▸ Try it:
Verbatim copy without pictures. Please print every entry as it stands.

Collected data
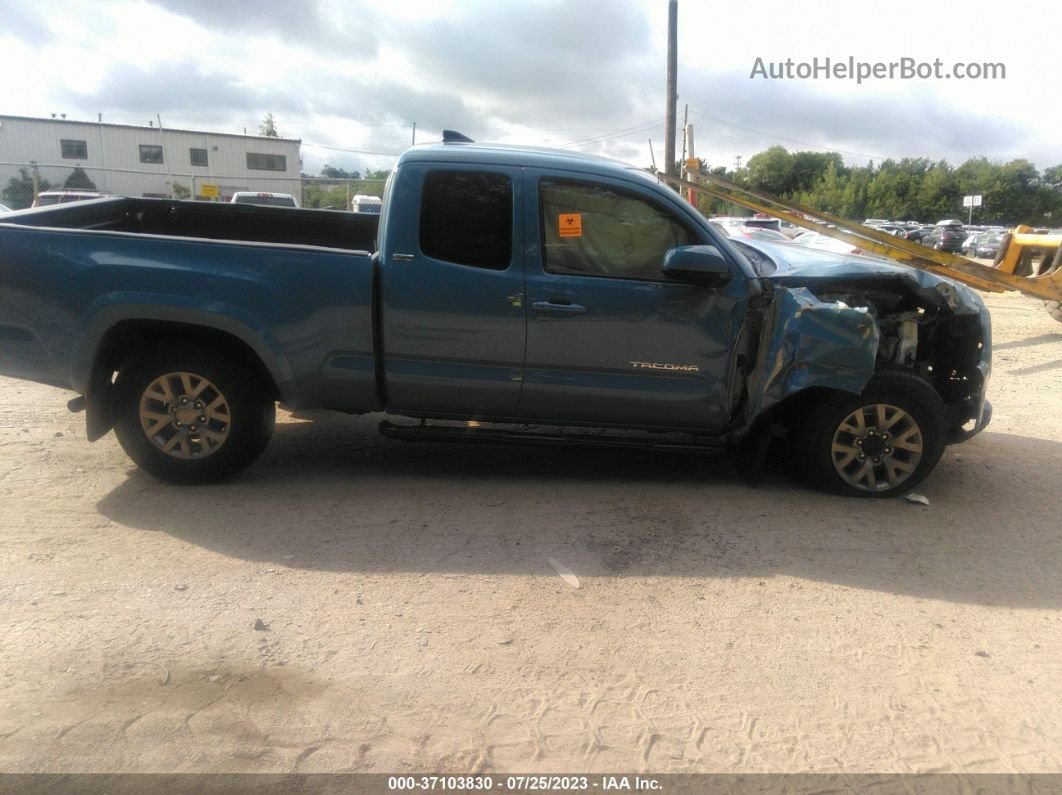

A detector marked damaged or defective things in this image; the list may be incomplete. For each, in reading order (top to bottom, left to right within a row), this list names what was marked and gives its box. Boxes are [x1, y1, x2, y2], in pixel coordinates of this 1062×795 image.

front-end collision damage [740, 284, 880, 422]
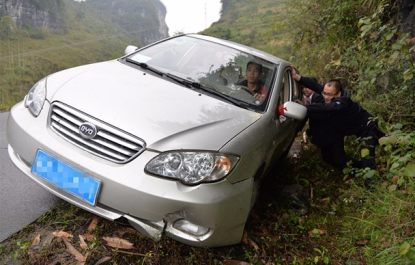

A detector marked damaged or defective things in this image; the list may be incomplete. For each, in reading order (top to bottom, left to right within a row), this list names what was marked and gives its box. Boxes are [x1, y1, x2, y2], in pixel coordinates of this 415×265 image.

crashed vehicle [5, 34, 306, 246]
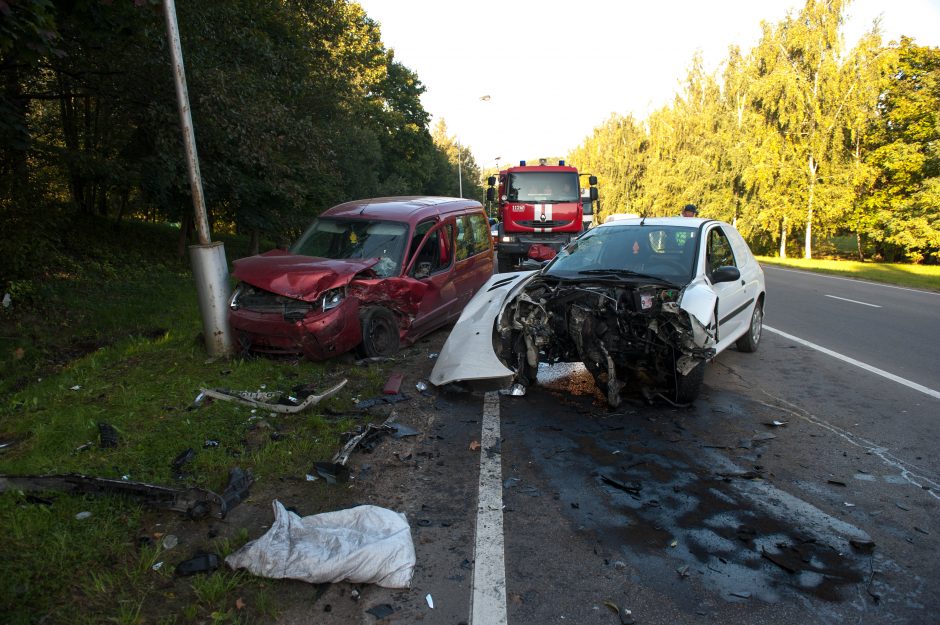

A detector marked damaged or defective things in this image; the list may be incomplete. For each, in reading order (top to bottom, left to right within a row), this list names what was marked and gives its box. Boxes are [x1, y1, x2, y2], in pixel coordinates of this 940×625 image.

crumpled hood [232, 249, 378, 302]
damaged red van [228, 195, 496, 360]
broken headlight [320, 286, 346, 310]
destroyed white car [430, 217, 768, 408]
shattered plastic piece [200, 378, 346, 412]
shattered plastic piece [382, 370, 404, 394]
shattered plastic piece [500, 382, 528, 398]
shattered plastic piece [97, 422, 117, 446]
shattered plastic piece [224, 500, 414, 588]
deployed airbag [224, 500, 414, 588]
shattered plastic piece [175, 552, 221, 576]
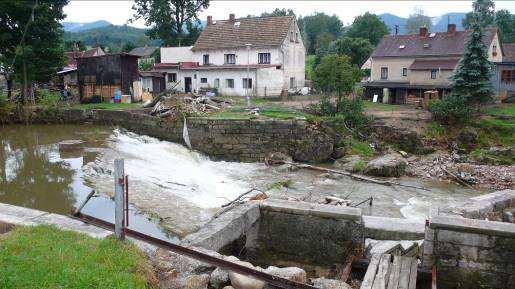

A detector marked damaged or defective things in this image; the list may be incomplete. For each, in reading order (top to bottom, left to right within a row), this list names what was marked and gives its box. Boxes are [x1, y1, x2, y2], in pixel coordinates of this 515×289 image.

▸ Response to the exercise:
A detector marked damaged or defective things in this image; the list may be incomplete. For each, in reading order (top to bottom, left to right within a row), this list names what was marked and gives its box. Boxes are [x1, y1, x2, y2], in pixel coordinates of this 1062×795 image.

front-end collision damage [740, 284, 880, 422]

A detector marked damaged or defective things in this image; the list may be incomplete. For each, in reading order (top to bottom, left to right within a row), this list names what was marked and gives its box. Boxes are [x1, y1, x2, y2], in pixel coordinates of this 415×265 image.

crashed vehicle [5, 34, 306, 246]

A detector marked damaged or defective things in this image; the list may be incomplete. For each, in reading order (top to bottom, left to right within a row), this list names what was marked and gives its box. Boxes are [x1, y1, x2, y2], in pixel coordinates of this 940×625 image.

crumpled hood [232, 249, 378, 302]
damaged red van [228, 195, 496, 360]
broken headlight [320, 286, 346, 310]
destroyed white car [430, 217, 768, 408]
shattered plastic piece [200, 378, 346, 412]
shattered plastic piece [382, 370, 404, 394]
shattered plastic piece [500, 382, 528, 398]
shattered plastic piece [97, 422, 117, 446]
shattered plastic piece [224, 500, 414, 588]
deployed airbag [224, 500, 414, 588]
shattered plastic piece [175, 552, 221, 576]

A detector marked damaged or defective things in this image; the list may be incomplete. For each, in reading order (top to bottom, left to right within a row), this list names what was marked and gives its box. Boxes are [x1, y1, x2, y2], in pixel coordinates of this 515×289 image.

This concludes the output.